(Records drawn from a dataset)
◇ ◇ ◇

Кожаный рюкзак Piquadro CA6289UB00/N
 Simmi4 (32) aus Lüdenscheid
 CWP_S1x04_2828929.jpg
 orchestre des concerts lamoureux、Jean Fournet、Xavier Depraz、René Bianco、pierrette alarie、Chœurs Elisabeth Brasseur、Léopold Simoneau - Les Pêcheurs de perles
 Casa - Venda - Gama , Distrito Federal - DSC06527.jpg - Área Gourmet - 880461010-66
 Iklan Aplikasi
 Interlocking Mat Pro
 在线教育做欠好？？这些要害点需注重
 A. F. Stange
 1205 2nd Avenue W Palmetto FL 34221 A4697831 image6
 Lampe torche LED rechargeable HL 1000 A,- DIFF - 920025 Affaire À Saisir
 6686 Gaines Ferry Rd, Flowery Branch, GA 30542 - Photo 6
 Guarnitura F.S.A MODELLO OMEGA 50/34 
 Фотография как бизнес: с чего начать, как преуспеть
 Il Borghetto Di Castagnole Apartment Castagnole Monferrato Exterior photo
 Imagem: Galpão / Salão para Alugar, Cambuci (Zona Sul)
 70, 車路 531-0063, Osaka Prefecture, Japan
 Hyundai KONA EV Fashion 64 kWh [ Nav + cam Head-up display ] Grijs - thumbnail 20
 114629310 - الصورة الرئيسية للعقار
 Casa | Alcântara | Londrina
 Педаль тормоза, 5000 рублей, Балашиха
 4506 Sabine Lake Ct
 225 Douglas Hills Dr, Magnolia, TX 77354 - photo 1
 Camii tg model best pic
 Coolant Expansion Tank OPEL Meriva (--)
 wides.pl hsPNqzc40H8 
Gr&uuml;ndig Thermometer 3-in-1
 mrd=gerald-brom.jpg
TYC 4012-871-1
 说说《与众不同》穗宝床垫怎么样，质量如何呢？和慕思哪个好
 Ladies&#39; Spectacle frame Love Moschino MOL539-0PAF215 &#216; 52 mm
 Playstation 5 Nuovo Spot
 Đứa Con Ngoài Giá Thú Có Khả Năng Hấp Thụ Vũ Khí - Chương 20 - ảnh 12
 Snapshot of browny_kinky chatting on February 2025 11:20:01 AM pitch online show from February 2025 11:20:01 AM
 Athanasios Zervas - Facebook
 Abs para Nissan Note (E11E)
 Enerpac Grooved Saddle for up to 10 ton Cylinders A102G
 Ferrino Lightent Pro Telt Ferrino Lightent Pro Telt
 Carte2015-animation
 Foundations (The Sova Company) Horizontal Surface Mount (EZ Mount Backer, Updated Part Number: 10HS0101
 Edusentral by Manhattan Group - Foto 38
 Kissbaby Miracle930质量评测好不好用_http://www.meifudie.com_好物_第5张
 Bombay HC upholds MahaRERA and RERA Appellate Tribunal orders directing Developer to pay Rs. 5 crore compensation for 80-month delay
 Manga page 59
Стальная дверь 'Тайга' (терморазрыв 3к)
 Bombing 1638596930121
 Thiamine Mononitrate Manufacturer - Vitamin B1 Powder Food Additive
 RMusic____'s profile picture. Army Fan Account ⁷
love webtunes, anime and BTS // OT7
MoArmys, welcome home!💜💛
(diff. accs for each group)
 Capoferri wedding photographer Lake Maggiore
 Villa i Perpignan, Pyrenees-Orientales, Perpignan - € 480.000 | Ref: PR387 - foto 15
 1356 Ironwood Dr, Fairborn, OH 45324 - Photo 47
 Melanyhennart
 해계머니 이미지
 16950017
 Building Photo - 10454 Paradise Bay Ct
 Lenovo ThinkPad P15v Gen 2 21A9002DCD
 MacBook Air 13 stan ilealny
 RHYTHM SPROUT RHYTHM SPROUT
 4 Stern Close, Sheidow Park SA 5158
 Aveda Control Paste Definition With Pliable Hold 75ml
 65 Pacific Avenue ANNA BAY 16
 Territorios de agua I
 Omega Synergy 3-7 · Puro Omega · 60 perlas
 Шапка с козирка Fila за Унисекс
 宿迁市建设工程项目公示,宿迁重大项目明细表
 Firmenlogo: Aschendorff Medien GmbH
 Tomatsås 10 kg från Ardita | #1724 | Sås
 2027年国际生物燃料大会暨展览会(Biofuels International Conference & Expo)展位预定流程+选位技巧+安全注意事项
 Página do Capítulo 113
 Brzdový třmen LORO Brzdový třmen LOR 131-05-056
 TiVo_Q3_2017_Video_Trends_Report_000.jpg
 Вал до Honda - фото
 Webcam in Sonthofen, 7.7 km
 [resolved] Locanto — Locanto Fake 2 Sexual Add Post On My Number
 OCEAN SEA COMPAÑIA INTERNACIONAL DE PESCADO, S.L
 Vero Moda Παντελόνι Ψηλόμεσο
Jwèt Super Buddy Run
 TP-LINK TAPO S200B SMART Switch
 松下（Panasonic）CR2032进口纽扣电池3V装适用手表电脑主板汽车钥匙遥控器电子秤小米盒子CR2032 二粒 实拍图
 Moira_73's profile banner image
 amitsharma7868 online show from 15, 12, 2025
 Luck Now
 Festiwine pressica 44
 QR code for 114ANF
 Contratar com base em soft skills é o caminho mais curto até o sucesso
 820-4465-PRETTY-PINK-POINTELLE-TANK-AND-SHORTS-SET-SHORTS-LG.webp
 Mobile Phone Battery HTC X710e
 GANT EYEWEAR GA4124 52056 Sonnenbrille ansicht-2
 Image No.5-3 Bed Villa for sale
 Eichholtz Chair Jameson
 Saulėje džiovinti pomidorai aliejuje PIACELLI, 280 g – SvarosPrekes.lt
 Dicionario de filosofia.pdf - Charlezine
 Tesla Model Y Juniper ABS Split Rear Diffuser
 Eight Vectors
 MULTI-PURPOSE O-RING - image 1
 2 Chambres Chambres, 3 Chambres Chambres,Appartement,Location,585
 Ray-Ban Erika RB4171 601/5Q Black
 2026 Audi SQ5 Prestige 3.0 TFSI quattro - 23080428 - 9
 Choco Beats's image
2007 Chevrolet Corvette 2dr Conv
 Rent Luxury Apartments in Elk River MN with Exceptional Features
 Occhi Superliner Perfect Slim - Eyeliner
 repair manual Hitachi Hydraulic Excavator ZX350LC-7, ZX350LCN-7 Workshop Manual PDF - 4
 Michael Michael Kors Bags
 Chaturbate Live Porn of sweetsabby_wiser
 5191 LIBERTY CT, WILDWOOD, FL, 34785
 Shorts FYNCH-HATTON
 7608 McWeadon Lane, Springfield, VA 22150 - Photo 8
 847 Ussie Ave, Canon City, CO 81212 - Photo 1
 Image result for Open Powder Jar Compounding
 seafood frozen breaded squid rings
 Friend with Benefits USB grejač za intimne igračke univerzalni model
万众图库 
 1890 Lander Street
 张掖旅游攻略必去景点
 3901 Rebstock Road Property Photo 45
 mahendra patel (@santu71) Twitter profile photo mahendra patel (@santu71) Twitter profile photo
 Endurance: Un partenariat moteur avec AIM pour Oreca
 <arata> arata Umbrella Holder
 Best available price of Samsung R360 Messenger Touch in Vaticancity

◇ ◇ ◇

■ Required work
When the line with "Villa i Perpignan, Pyrenees-Orientales, Perpignan" is reached in the data above, start copying there, and copy each line exactly until the line with "Lenovo ThinkPad P15v Gen 2 21A9002DCD" has been copied; copy nothing else.

■ Response to the exercise
 Villa i Perpignan, Pyrenees-Orientales, Perpignan - € 480.000 | Ref: PR387 - foto 15
 1356 Ironwood Dr, Fairborn, OH 45324 - Photo 47
 Melanyhennart
 해계머니 이미지
 16950017
 Building Photo - 10454 Paradise Bay Ct
 Lenovo ThinkPad P15v Gen 2 21A9002DCD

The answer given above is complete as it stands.